● Description of the task
Going down the data below, set down exactly the line with "広島県福山市南蔵王町6丁目2" and each line after it through the line with "ADAPTIERBARES HF LADEGERÄT JL 1001103105"; no other lines.

● Information shown
'''
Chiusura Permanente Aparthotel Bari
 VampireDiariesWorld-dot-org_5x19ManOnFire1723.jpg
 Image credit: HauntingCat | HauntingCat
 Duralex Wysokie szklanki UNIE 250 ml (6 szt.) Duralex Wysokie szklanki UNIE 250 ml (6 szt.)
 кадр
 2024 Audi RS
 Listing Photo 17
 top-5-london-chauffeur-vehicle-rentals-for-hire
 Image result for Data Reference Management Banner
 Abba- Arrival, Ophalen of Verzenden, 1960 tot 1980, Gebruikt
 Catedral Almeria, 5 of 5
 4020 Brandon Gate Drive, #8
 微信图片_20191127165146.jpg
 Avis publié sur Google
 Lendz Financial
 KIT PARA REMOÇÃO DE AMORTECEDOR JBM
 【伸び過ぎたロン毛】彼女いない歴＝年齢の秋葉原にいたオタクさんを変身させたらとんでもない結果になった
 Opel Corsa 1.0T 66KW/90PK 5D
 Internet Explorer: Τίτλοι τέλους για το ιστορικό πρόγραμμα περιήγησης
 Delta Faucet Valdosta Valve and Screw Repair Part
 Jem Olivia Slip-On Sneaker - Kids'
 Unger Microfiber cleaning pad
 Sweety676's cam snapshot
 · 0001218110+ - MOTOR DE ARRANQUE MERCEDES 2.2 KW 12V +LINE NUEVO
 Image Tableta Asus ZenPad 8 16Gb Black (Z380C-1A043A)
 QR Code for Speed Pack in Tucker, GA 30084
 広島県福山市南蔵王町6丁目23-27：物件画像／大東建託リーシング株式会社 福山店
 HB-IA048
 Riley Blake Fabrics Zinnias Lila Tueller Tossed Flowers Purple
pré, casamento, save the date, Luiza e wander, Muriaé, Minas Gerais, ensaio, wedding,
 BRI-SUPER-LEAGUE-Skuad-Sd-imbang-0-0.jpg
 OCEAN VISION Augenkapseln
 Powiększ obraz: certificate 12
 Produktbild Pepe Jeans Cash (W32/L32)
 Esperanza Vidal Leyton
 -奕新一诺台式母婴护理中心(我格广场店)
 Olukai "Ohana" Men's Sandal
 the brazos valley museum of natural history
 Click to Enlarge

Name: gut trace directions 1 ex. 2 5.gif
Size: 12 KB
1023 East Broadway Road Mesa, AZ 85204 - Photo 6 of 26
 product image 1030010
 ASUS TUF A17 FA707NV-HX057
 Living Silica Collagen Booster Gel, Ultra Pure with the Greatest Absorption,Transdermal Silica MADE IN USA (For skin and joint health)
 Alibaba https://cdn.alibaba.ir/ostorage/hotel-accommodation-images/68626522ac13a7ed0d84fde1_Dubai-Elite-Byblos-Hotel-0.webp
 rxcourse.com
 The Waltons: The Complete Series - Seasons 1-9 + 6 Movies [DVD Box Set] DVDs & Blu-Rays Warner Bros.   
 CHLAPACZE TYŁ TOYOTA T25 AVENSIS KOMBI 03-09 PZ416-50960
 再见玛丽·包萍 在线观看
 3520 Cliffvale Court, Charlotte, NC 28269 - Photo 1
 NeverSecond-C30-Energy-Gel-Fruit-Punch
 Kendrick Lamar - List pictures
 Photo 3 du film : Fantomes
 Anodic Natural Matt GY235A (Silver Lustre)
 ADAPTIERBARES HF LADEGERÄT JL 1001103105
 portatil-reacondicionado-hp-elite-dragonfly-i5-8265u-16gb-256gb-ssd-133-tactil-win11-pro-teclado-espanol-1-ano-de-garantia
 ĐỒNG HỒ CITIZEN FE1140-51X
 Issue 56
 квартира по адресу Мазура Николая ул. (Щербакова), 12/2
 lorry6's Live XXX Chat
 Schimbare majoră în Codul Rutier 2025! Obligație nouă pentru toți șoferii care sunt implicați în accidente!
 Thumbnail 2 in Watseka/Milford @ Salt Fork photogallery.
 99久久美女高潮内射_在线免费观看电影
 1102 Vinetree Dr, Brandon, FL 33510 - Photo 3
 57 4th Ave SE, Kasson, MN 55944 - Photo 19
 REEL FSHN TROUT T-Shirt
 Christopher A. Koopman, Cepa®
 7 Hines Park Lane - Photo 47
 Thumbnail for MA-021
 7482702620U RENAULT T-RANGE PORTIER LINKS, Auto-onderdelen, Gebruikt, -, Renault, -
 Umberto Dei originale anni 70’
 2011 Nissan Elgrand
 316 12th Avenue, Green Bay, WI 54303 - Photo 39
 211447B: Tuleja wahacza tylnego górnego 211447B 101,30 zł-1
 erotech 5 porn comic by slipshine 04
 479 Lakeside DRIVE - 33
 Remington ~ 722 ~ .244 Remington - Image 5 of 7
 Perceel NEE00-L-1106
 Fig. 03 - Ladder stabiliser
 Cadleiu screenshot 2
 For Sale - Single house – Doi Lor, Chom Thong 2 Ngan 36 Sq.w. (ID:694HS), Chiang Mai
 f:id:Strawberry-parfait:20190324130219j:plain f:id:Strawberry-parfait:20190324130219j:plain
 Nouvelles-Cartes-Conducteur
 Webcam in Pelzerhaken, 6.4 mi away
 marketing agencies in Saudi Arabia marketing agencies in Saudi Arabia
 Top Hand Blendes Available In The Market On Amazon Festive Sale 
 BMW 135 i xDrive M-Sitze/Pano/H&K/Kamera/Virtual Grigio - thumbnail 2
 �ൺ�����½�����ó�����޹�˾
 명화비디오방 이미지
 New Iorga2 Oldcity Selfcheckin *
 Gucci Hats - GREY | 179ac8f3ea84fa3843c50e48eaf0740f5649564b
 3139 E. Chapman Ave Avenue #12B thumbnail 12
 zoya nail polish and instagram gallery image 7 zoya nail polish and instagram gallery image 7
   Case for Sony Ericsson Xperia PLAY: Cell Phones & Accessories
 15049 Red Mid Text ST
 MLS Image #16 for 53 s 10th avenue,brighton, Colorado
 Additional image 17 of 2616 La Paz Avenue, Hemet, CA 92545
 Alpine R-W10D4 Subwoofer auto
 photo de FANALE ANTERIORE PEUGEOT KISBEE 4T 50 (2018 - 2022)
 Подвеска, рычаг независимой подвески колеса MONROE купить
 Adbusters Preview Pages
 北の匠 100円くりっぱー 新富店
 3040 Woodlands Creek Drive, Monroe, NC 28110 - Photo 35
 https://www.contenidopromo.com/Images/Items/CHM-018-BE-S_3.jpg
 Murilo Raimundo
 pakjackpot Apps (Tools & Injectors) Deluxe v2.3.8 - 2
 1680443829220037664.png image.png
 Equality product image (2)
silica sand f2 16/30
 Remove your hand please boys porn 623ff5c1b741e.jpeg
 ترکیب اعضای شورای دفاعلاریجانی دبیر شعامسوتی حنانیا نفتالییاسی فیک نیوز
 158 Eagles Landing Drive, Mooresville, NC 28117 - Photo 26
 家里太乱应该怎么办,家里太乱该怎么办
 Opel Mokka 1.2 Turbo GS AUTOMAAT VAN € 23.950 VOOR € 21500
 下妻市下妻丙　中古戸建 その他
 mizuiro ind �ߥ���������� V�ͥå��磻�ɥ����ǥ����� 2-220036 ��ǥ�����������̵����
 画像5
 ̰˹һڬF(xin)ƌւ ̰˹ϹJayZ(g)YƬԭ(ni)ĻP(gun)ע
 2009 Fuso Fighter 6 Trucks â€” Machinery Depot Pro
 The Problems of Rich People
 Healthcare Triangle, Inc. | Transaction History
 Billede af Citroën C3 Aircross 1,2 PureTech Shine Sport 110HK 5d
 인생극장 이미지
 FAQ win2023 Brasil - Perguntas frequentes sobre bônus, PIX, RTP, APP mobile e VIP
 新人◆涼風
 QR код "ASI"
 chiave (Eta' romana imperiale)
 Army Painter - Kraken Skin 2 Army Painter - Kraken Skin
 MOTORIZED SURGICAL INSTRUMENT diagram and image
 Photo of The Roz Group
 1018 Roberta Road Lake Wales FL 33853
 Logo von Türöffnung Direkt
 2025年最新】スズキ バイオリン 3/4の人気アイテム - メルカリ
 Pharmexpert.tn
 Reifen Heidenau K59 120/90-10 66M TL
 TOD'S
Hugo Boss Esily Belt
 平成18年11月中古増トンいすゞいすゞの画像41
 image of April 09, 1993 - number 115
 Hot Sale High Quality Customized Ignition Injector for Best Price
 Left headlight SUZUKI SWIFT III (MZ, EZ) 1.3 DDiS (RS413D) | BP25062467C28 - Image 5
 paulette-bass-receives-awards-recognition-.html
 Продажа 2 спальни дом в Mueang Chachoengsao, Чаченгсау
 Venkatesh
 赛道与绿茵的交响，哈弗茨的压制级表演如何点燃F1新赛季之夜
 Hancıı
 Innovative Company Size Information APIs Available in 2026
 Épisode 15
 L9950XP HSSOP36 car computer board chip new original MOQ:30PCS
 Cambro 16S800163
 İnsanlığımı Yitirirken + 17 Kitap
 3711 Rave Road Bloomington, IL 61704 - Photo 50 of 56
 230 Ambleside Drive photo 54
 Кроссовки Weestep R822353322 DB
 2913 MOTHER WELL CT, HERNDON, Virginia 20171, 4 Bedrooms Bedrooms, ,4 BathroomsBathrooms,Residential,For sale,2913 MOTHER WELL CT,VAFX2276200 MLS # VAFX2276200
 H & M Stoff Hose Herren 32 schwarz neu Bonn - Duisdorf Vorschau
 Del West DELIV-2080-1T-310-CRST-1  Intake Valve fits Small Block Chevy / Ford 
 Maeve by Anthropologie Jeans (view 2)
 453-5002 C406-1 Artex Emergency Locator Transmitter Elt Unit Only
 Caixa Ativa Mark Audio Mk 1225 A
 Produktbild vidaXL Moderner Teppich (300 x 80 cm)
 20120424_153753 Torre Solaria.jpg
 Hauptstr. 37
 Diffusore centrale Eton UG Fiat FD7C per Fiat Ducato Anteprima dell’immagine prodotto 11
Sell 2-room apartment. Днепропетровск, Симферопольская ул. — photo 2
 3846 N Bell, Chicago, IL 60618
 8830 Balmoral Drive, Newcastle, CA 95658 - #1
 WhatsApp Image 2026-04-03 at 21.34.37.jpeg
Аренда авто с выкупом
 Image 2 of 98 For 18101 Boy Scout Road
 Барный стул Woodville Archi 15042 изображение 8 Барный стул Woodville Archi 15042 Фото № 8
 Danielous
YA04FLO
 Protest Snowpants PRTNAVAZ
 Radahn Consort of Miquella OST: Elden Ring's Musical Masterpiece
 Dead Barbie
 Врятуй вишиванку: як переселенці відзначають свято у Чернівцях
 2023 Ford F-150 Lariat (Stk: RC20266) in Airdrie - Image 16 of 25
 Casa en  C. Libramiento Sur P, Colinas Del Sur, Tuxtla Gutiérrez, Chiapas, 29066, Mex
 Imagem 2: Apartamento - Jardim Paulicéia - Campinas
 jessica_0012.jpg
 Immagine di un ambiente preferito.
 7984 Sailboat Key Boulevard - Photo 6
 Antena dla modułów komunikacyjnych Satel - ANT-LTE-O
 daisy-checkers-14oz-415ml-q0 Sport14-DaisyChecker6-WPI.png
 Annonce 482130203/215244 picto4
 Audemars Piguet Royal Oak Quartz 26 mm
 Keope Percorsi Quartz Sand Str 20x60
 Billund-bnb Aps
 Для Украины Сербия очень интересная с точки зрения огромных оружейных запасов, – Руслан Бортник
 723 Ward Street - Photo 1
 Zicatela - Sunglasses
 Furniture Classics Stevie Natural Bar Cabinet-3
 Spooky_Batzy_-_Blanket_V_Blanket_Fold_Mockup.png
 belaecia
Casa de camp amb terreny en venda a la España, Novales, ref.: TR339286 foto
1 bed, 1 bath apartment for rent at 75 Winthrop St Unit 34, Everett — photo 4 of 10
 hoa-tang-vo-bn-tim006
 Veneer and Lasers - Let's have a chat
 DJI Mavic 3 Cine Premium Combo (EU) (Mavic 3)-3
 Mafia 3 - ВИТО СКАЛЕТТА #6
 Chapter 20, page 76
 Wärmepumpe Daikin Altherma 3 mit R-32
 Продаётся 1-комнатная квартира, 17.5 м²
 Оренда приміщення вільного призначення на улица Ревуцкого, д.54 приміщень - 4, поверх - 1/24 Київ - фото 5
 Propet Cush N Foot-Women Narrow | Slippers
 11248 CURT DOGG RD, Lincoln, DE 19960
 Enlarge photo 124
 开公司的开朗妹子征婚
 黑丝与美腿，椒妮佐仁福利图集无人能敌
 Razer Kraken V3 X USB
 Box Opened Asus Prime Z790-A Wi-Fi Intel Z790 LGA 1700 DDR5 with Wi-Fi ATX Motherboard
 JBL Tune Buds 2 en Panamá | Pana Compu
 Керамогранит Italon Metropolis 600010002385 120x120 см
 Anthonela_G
'''
● Response area
 広島県福山市南蔵王町6丁目23-27：物件画像／大東建託リーシング株式会社 福山店
 HB-IA048
 Riley Blake Fabrics Zinnias Lila Tueller Tossed Flowers Purple
pré, casamento, save the date, Luiza e wander, Muriaé, Minas Gerais, ensaio, wedding,
 BRI-SUPER-LEAGUE-Skuad-Sd-imbang-0-0.jpg
 OCEAN VISION Augenkapseln
 Powiększ obraz: certificate 12
 Produktbild Pepe Jeans Cash (W32/L32)
 Esperanza Vidal Leyton
 -奕新一诺台式母婴护理中心(我格广场店)
 Olukai "Ohana" Men's Sandal
 the brazos valley museum of natural history
 Click to Enlarge

Name: gut trace directions 1 ex. 2 5.gif
Size: 12 KB
1023 East Broadway Road Mesa, AZ 85204 - Photo 6 of 26
 product image 1030010
 ASUS TUF A17 FA707NV-HX057
 Living Silica Collagen Booster Gel, Ultra Pure with the Greatest Absorption,Transdermal Silica MADE IN USA (For skin and joint health)
 Alibaba https://cdn.alibaba.ir/ostorage/hotel-accommodation-images/68626522ac13a7ed0d84fde1_Dubai-Elite-Byblos-Hotel-0.webp
 rxcourse.com
 The Waltons: The Complete Series - Seasons 1-9 + 6 Movies [DVD Box Set] DVDs & Blu-Rays Warner Bros.   
 CHLAPACZE TYŁ TOYOTA T25 AVENSIS KOMBI 03-09 PZ416-50960
 再见玛丽·包萍 在线观看
 3520 Cliffvale Court, Charlotte, NC 28269 - Photo 1
 NeverSecond-C30-Energy-Gel-Fruit-Punch
 Kendrick Lamar - List pictures
 Photo 3 du film : Fantomes
 Anodic Natural Matt GY235A (Silver Lustre)
 ADAPTIERBARES HF LADEGERÄT JL 1001103105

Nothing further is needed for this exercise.